Material provided:

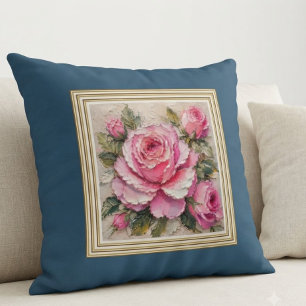 Coussin Rose peinture à l'huile Shabby Chic accent bleu ac
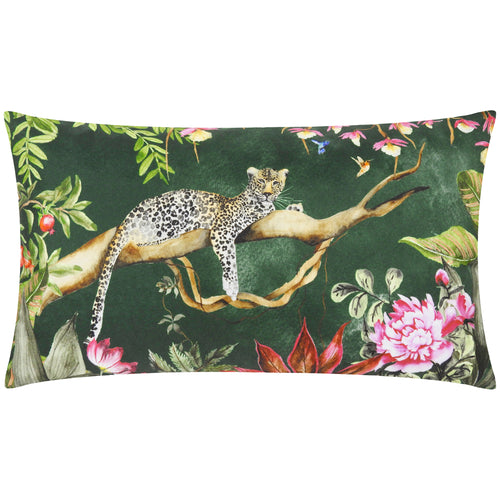 Jungle Green Cushions - Leopard Rectangular Outdoor Cushion Cover Forest Evans Lichfield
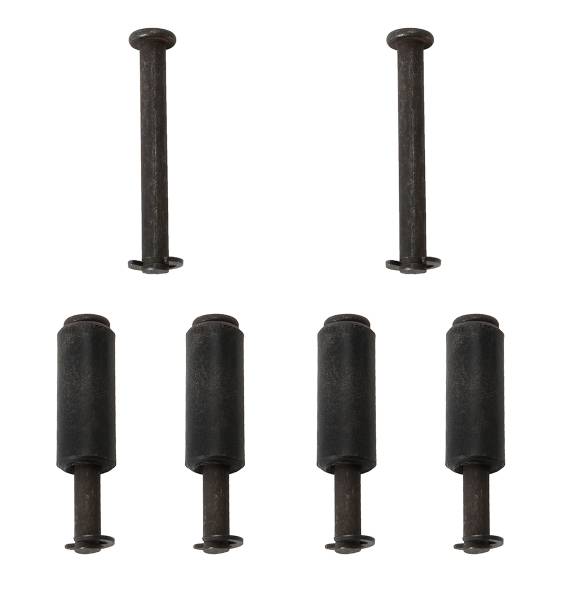 PINS, ROLLERS & CLIPS SET FOR DOOR CHECKROD, GHIA 1956-74 (6 Pins, 6 Clips, 4 Rollers for Both Doors)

Assignment:
The answer must repeat every line of the listing exactly and leave the pictures out.

Answer for the task:
 Coussin Rose peinture à l'huile Shabby Chic accent bleu ac
 Jungle Green Cushions - Leopard Rectangular Outdoor Cushion Cover Forest Evans Lichfield
 PINS, ROLLERS & CLIPS SET FOR DOOR CHECKROD, GHIA 1956-74 (6 Pins, 6 Clips, 4 Rollers for Both Doors)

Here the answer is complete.